THE IBM Gallery of Science and Art is fast becoming one of the most popular art-viewing places in Manhattan. And for good reason. Its high-caliber exhibitions run the gamut from the startlingly innovative (``Computers and Art'') and broadly thematic (``The Expressionist Landscape'') to the strictly regional (``Frontier America'') and the biographical (``John Sloan'' and ``Joaquin Sorolla''). And its premises, in the basement of the IBM Building at the corner of Madison Avenue and East 57th Street, are not only spacious and handsomely appointed, but serve as an oasis of calm in the midst of one of New York's busiest shopping areas. It's quite refreshing to step off hectic Madison Avenue, walk down a few thickly carpeted stairs, and enter a quiet world of beauty and order. Never has this been more true than during the current exhibition, which matches or goes beyond anything the gallery has achieved before.
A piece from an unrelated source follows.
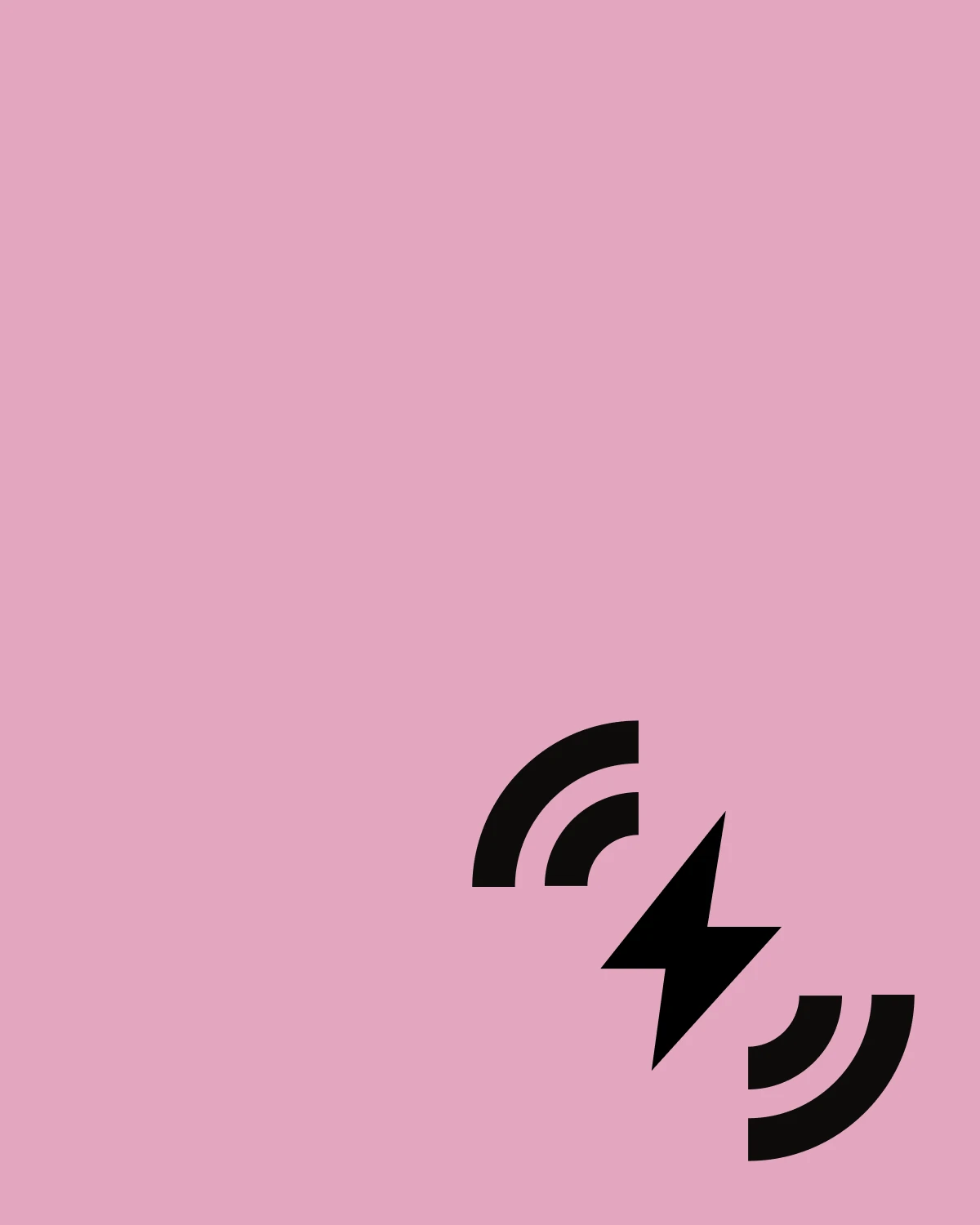 HMD Skyline with wireless charging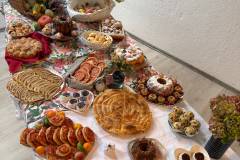 IMG-20261016-WA0002-1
Much of this, however, is due to the taste of two late collectors, Louis and Charlotte Hyde. Highlights from the Hyde Collection hang at the IBM Gallery at present. This collection normally occupies one of America's dozen or so mansion-museums, where fine and decorative arts can be viewed in the setting of their collectors' homes. It became available when the building that houses it in Glens Falls, N.Y., was closed temporarily to facilitate the construction of a new wing.
Sixty-three of the collection's finest pieces, including its world-famous Rembrandt painting of Christ Jesus, its well-known works by Rubens, Botticelli, El Greco, Ingres, Van Dyck, and Eakins, and its numerous studies by everyone from Rembrandt and Fragonard to C'ezanne and Picasso, made the trip to Manhattan. With them came two small 14th-century stained-glass windows; two large French tapestries executed roughly two centuries later; Della Robbia's exquisite glazed terra-cotta ``Madonna with the Lilies''; a 16th-century Italian chest; and superb drawings and watercolors by Tiepolo, Degas, Van Gogh, Homer, Matisse, and several other masters.
The Hydes would be pleased by the way their treasures look in this show. The IBM Gallery, with its subtle balancing of the formal and informal and its carefully modulated lighting, is ideal for works intended for modest spaces. Arranged in roughly chronological order, beginning with the 14th-century stained glass and a tiny altarpiece, then moving toward the works of the early 20th century, this sensitively presented collection speaks well for the Hydes' devotion to things artistic.
They met in the 1880s in Boston, then America's cultural capital, and after a lengthy courtship married and took up residence there. Both enjoyed travel, especially to Europe, and the company of artists. They may well have befriended Childe Hassam, the American Impressionist, at this time, although his lovely 1888 oil, ``Geraniums,'' didn't enter their collection until 1930.
Their life in Boston ended when Mr. Hyde accepted an invitation to join his father-in-law's pulp and paper-manufacturing company in Glens Falls. By 1910, the Hydes were deeply involved in planning the Renaissance-style house around a two-story courtyard that was to be the future home of their collection.
It was during this period that they began to buy art. One of their earliest purchases was Degas' 1887 ``Dancer Tying Her Scarf,'' a delicate crayon drawing that stands in sharp contrast to that artist's more powerfully rendered pastel of a ``Dancer with Red Stockings,'' acquired some years later.
Their most dramatic and widely publicized acquisition was Rembrandt's 1655-57 ``Portrait of Christ,'' which had belonged to a Russian aristocrat before the Bolshevik Revolution. Early in the 1930s the Soviet government, needing capital, discreetly began to sell some of the art it had confiscated. In April 1933, the Hydes were advised that the Soviets were prepared to sell the Rembrandt.
``Portrait of Christ'' is the Hyde Collection's most famous, though not its sole, masterpiece. In fact, if given a choice, I'd probably take Botticelli's tiny ``Annunciation'' (c. 1492), which the Hydes bought around 1923 with the help of Bernard Berenson. Although somewhat ``unfinished'' in appearance, it conveys such style and grace and is so perfectly realized that one cannot help but marvel at the sensibility that created it.
Also outstanding are Rubens's powerful oil study ``Head of a Negro,'' Bartel Beham's ``Portrait of Phillip von der Pfalz,'' Ingres' somewhat sentimental but effective ``Paolo and Francesca,'' and the ``Portrait of Young Man,'' attributed to Raphael. On the other hand, I found the two Renoir paintings weak and the early Picasso oil of only minor interest.
At the IBM Gallery of Science and Art through Aug. 26.